March 27, 2012
EU 2012 soft wheat, barley crop yields likely to rise
Despite frost damage, average yields of the EU's soft wheat and barley crops should rise this year, the European Commission's crop-monitoring unit said in a report on Monday (Mar 26).
In its first estimates for the forthcoming harvest in the 27-member bloc, the Monitoring Agricultural ResourceS (MARS), a research unit of the European executive, put the EU's average yield for the bloc's soft wheat crop at 5.67 tonnes per hectare in 2012, up 1.7% on last year and 1.8% above the 2007-11 average.

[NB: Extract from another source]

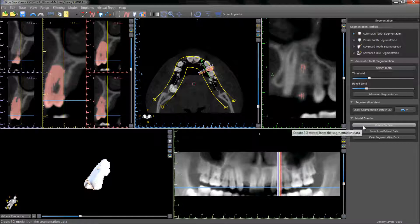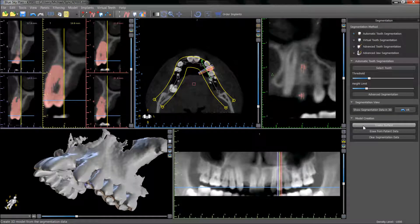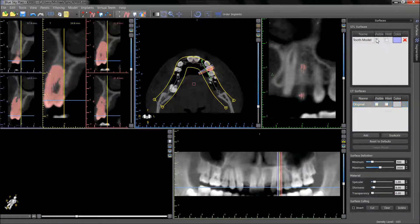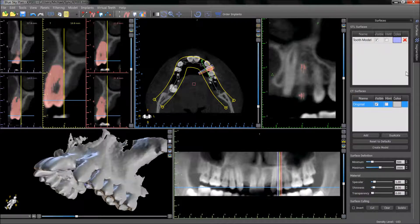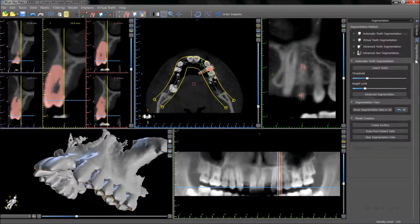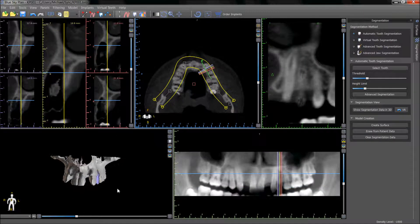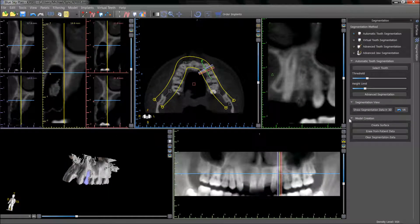Pressing create surface will turn the segmented tooth into its own surface in the surface panel. Pressing erase from patient data will extract the tooth from the 3D and 2D views.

For barley, winter and spring together, the EU's average yield in 2012 should be at 4.41 tonnes per hectare, up 2.6% on 2011 and 1.3% above the five-year average.

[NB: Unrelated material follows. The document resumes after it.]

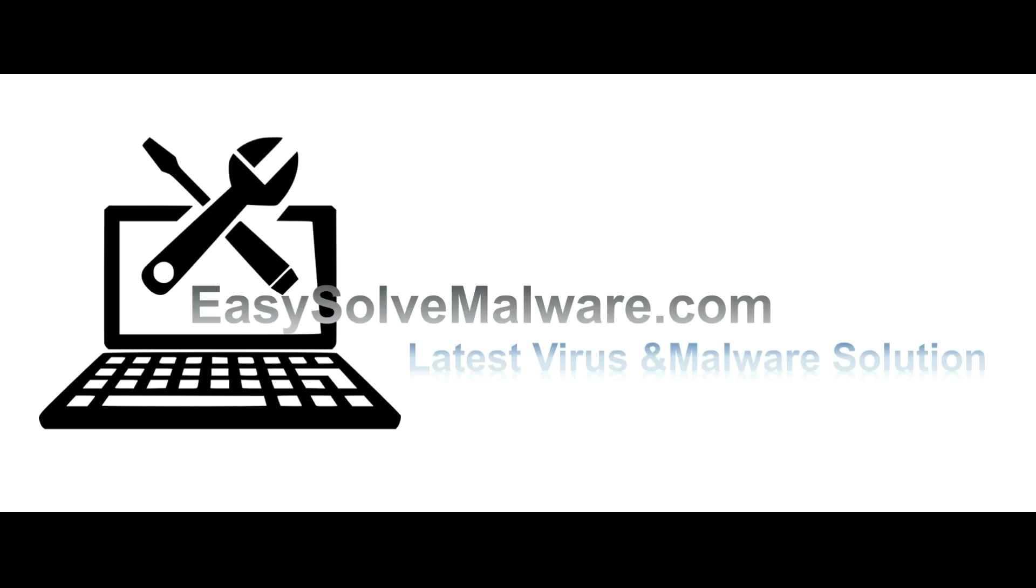That's all. Thank you for watching the video from easy-solve-malware.com. We hope it solves your problem.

Of this, the average yield of the winter barley harvest was expected at 5.24 tonnes per hectare, up 3.6% on last year, while the spring barley yield was pegged at 3.88 tonnes per hectare, up 1.7% on last year.

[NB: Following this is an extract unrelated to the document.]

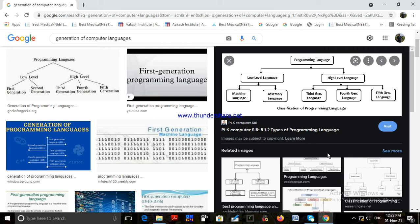Second generation language. The second generation of computer language was introduced when computers were first made available commercially in the early fifties. During this time, machine language gave way to more user-friendly assembly code. The assembly language, introduced in 1952, allowed programmers to use alphanumeric mnemonic codes.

For rapeseed, MARS expected the EU's average crop yield to gain 5.5% on last year at 3.02 tonnes per hectare.
On the other hand, the EU durum yield is forecast to fall 7.2% to 3.16 tonnes per hectare from last year's good crop, but be little changed from the five-year average of 3.18 tonnes per hectare.
The Commission's research unit expected the average yield of the EU's 2012 corn harvest to shed 6.3% to 7.03 tonnes per hectare from an exceptional crop in 2011. It would still be 1.6% above the 2007-11 average.
The sugar beet average yield in the bloc should fall 3.1% to 68.65 tonnes per hectare but remain 1.5% above the five-year average, MARS said. It noted that these early forecasts were mainly based on trend and average values. For some grains, mainly spring crops, EU averages are calculated on estimates for a limited number of countries but include the main producers.
MARS, which also analyses weather data in neighbouring countries, said its simulations indicated likely frost kill in eastern France, the Benelux states, Germany, Poland, the Czech Republic, some spots in Romania and in Ukraine.
Although the Commission's research unit did not quantify damage from the dry weather, it noted temperatures would remain mild and rain scarce until the end of the month.
"In the British Isles, France, Benelux, Germany, south of Sweden, Poland, the Czech Republic, Slovakia, Hungary and Romania, rainfall will not exceed five millimetres," it wrote, noting that it was below average.
Concerns are rising among farmers and in grain markets that dryness could further cut yields after damage linked to the cold snap earlier this year, pushing new crop wheat prices to their highest level in around nine months on Monday.